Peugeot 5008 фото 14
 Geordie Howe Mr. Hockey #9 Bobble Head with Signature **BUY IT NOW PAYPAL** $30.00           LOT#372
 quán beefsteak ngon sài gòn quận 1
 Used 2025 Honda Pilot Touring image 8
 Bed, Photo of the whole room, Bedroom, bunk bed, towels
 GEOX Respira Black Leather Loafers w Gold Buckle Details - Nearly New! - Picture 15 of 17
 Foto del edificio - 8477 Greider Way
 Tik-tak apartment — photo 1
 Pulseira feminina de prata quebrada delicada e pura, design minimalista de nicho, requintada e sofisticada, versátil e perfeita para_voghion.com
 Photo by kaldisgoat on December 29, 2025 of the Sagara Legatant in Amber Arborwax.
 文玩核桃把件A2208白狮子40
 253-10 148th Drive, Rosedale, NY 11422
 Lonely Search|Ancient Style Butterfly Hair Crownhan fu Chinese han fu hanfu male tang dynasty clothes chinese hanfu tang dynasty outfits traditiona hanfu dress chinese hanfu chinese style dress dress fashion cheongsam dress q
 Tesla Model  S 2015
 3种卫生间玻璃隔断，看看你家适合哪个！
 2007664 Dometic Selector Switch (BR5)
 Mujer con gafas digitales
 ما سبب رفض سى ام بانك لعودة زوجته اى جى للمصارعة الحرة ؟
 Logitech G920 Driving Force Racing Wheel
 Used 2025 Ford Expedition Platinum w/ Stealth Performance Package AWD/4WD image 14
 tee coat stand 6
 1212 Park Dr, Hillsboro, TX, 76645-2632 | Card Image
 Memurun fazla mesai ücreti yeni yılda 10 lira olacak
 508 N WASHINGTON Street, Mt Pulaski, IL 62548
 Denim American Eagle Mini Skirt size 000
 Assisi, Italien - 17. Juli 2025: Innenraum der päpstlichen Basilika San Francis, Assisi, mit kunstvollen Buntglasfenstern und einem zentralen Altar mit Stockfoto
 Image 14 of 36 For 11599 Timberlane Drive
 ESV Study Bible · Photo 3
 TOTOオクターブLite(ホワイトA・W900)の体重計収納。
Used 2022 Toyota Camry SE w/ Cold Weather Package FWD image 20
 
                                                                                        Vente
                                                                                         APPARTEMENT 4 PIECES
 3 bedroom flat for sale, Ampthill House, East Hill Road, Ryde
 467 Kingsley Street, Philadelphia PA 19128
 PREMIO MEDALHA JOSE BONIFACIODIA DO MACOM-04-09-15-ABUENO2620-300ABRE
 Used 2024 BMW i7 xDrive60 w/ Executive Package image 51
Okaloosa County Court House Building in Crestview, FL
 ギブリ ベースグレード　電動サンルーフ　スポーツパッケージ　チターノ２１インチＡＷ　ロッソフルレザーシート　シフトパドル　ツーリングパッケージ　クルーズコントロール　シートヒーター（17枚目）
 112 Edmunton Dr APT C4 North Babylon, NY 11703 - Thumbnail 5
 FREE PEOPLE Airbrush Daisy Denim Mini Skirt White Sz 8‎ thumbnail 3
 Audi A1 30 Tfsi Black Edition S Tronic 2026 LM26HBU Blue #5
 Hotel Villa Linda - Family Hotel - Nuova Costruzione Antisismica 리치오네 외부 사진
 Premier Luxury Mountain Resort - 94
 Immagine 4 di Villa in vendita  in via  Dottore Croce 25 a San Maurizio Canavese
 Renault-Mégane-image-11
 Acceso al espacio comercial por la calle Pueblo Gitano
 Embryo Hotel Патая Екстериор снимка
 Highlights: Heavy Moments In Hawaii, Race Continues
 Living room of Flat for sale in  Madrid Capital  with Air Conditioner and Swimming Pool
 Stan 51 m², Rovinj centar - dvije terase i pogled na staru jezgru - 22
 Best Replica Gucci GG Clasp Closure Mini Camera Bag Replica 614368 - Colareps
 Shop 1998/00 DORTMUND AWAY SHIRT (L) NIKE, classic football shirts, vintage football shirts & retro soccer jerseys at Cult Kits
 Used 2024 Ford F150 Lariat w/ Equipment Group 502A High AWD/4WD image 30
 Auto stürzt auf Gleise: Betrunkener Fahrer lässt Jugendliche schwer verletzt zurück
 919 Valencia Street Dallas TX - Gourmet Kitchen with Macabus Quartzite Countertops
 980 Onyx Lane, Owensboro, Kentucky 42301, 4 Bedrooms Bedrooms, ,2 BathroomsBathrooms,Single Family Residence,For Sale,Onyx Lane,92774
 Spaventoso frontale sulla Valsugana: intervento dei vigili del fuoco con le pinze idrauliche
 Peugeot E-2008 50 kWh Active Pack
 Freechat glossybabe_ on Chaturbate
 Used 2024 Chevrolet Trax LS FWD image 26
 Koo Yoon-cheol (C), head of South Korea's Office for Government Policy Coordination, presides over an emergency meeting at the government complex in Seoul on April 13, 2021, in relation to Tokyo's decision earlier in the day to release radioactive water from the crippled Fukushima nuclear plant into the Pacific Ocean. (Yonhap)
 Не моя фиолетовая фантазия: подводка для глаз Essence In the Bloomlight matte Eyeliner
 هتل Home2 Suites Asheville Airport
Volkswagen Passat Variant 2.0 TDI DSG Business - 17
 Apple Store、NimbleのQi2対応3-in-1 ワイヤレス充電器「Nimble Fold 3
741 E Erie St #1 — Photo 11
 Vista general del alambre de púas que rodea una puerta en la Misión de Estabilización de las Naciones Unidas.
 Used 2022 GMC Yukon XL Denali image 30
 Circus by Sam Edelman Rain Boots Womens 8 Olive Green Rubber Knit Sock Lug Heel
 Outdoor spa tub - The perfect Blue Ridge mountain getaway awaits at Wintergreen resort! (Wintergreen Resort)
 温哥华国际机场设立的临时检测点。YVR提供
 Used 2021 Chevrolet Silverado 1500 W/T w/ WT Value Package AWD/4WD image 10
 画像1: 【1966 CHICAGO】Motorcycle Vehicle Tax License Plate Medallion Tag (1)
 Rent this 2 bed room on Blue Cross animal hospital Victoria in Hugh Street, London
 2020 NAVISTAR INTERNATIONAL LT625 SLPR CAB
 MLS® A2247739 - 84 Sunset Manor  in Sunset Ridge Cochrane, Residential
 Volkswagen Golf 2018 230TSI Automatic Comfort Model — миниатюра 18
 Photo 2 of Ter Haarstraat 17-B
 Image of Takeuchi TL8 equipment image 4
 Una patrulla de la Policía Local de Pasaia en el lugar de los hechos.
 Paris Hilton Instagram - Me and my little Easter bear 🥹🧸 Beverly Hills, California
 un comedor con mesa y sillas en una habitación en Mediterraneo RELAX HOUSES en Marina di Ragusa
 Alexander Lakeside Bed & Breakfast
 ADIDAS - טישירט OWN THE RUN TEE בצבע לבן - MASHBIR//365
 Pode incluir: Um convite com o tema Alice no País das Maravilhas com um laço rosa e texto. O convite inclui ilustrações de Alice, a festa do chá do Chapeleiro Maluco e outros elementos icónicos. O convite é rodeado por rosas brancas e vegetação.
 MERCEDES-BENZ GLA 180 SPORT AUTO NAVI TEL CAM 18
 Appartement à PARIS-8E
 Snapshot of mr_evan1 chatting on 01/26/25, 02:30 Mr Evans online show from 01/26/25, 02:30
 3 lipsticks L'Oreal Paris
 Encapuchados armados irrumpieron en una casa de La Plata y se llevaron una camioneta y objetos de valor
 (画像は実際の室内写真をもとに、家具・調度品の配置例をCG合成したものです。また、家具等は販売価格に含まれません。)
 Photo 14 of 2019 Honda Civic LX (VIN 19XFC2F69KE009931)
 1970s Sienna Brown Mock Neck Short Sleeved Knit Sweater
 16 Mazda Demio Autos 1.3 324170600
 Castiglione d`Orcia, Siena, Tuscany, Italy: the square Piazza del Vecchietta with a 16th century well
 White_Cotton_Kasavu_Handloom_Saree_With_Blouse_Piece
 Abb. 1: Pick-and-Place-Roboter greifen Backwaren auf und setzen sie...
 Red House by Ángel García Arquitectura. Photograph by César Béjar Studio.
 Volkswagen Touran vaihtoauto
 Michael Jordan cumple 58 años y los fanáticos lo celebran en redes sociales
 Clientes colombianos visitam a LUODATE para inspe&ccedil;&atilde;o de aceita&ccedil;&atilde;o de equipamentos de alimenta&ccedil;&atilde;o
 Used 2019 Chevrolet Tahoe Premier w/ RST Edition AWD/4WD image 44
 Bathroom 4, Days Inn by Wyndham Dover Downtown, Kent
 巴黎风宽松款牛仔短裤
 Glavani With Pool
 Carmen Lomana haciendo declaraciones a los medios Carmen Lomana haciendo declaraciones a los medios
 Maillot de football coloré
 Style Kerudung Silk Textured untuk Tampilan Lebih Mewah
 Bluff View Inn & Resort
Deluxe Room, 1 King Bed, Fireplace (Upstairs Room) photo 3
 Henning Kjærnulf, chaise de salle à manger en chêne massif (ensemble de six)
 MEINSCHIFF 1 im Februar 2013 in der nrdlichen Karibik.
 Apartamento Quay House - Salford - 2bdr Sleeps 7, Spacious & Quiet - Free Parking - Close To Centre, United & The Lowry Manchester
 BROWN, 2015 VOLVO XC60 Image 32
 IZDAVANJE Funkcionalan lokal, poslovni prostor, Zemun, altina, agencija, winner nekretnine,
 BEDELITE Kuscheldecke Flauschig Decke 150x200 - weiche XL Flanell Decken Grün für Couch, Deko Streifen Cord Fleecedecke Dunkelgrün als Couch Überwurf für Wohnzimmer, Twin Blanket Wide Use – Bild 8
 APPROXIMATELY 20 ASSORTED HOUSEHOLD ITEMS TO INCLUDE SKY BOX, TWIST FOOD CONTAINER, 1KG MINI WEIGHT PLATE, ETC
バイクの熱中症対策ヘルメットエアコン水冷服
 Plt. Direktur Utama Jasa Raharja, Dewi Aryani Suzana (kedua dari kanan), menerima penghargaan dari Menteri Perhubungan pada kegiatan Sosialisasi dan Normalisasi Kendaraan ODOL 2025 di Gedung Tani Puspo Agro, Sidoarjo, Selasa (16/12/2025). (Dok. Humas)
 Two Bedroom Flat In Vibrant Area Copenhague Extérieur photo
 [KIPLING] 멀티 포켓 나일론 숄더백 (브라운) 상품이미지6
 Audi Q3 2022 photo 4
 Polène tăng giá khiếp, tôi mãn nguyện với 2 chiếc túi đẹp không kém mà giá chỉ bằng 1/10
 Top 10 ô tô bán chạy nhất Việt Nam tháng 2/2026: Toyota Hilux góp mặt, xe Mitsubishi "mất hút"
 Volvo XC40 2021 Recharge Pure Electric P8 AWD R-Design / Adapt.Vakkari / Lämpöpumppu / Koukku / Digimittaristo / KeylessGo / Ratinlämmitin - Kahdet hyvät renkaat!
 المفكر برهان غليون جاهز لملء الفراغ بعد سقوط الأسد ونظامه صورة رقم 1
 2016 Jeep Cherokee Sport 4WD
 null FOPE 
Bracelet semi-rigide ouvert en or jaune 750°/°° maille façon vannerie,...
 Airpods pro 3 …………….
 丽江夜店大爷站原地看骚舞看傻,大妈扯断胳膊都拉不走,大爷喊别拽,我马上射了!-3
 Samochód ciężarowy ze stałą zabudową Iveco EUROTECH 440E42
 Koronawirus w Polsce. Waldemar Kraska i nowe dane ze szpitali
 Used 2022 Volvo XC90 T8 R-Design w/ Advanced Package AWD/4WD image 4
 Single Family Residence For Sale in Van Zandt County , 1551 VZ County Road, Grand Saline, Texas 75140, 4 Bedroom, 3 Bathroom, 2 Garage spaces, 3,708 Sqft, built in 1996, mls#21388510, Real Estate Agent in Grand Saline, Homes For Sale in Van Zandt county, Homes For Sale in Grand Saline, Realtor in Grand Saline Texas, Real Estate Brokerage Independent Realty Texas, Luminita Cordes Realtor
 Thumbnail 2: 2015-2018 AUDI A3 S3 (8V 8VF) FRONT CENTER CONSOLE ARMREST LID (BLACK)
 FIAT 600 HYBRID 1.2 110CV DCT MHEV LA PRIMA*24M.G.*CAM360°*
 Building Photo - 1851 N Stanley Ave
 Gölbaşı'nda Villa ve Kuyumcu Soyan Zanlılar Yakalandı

________________

▸ ACTION ITEM
What you return should be only the lines from the line containing "Building Photo - 1851 N Stanley Ave" through the end of the material above, reproduced exactly, first and last included.

▸ EXPECTED OUTPUT
 Building Photo - 1851 N Stanley Ave
 Gölbaşı'nda Villa ve Kuyumcu Soyan Zanlılar Yakalandı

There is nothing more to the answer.